By now, you’ve probably read or heard me expressing some level of concern about the MLS is Back Tournament. To quickly recap, my concerns fall mainly along two lines: 1. COVID-19 is far from contained and the matches are being held in one of the worst spots for the pandemic; 2. The games could potentially prove to be a bit of distraction from the social justice movements going on in society, which I believe deserve our attention.

As far as the COVID-19 situation goes, I think we can probably say that it’s only gotten worse over time. While I am willing to believe that the players can be kept reasonably safe, concern over the disease has already forced several matches to be rescheduled and for two teams to be completely withdrawn.

Even taking the league’s word that this is all indicative of the protocols working as planned, what’s harder to reconcile is the ethical dilemma that the tournament continues to pose. Not only is there a broad optical issue of holding this tournament in one of the world’s COVID-19 hotspots, but there’s an even more problematic appearance that in order to keep the players safe the league is diverting resources from the general population. However you feel about the direct impact rampant testing inside the MLS bubble has on wait times for everyone else, it’s a bad look at the very least.

None of these concerns are going to go away as long as the tournament continues, but I strongly suspect that most of us have either made peace with this moral quandary or we’ve decided to not pay attention to the games.
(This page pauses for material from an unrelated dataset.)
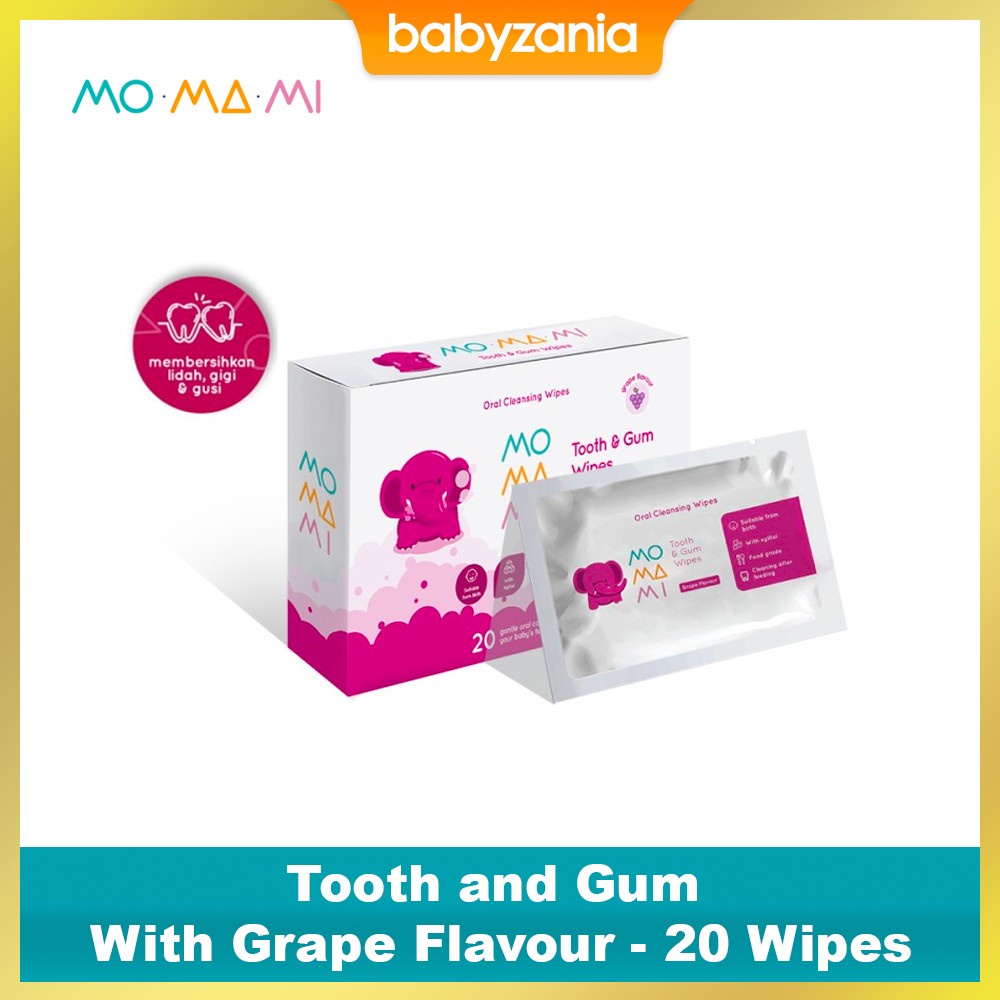 Momami Tooth and Gum with Grape Flavour - 20 Wipes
There has been a more promising development in terms of my other primary concern, at least. Rather than serving as a distraction from protests championing police accountability and racial justice, the league’s players have done an impressive job of amplifying that message. The tournament opened with a lengthy period of silence that included nearly 200 of the league’s Black players on the field, many holding up their fists in a call back to the famous protests of track stars Tommie Smith and John Carlos on the medal stand of the 1968 Mexico City Olympics. The ESPN broadcast did a commendable job of not only showing the protest in its entirety but talking about it and the context in which it was staged on the broadcast.
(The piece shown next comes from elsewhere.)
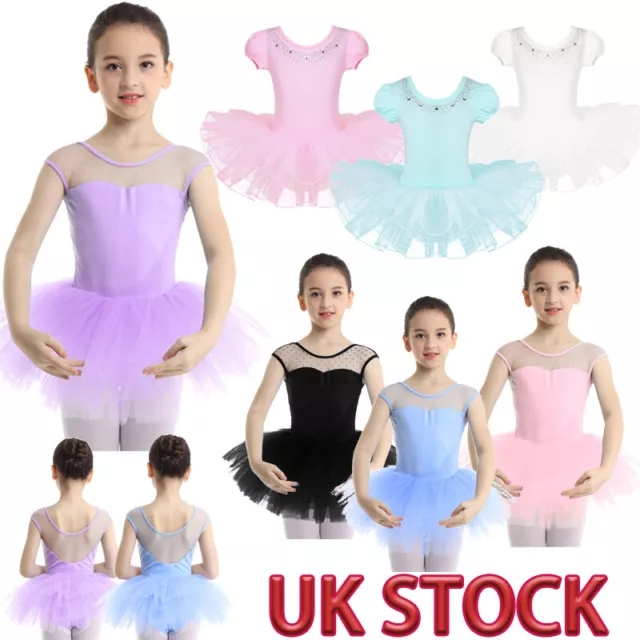 UK Girl Rhinestones Ballet Dance Tutu Dress Ballerina Leotard Dancewear Costumes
Since then, virtually every team has come up with a way to continue spreading their message, with the league even providing a space on each player’s jersey to write some sort of message. Philadelphia Union players went as far as replacing their names on their shirts with the names of various people killed by police. The Sounders commissioned a local Black artist to design the captain’s armband to honor the Black Lives Matter movement and have pledged to continue putting actions behind their words.
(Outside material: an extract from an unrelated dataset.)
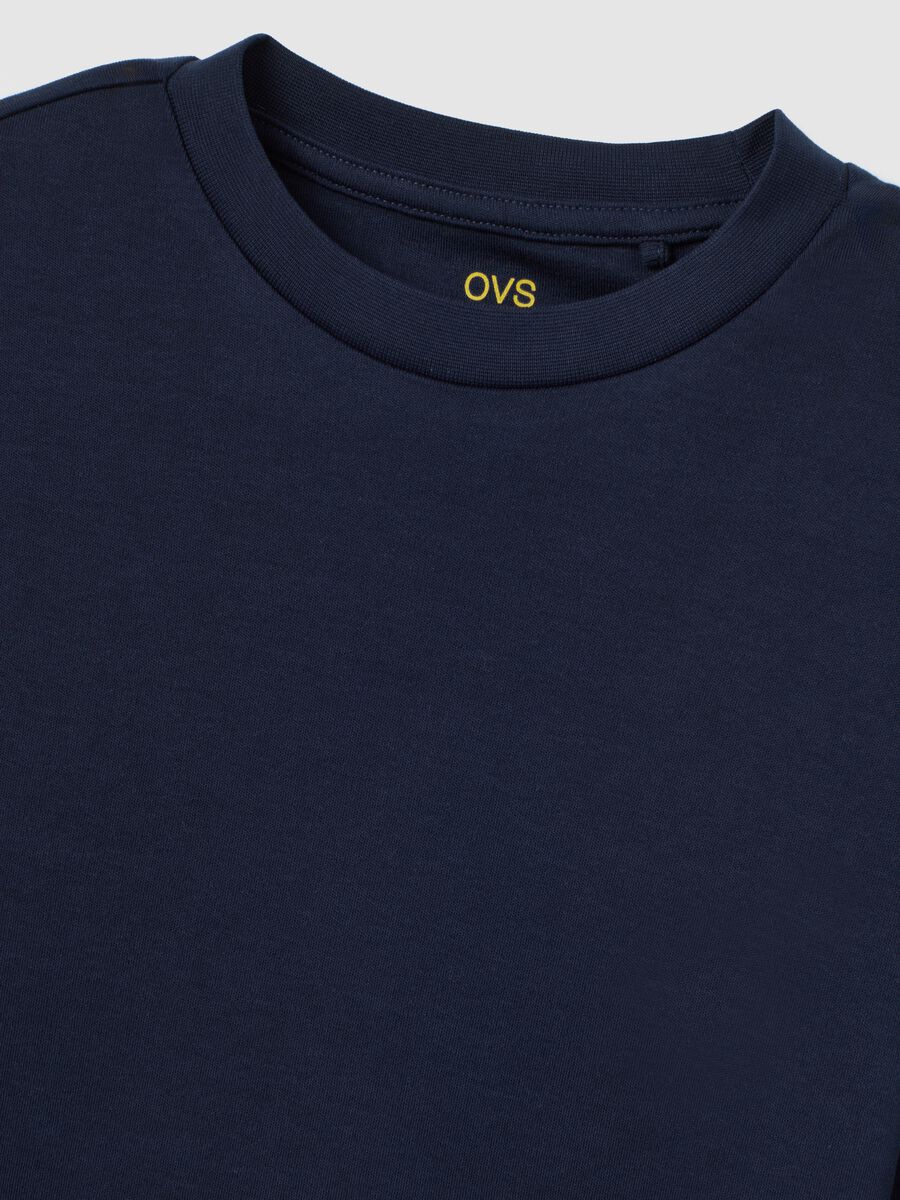 Long-sleeve blue cotton top for kids with regular fit_2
“For me as a white male athlete, it’s important to listen, it’s important to educate myself,” Sounders goalkeeper Stefan Frei said during Friday’s postgame press conference. “But I want to be part of it. Everybody has to be part of it. What we’ve seen with George Floyd’s senseless murder was the last straw. The rawness of that video upset a lot of people and hopefully that senseless murder will have some meaningful change toward accomplishing that American dream.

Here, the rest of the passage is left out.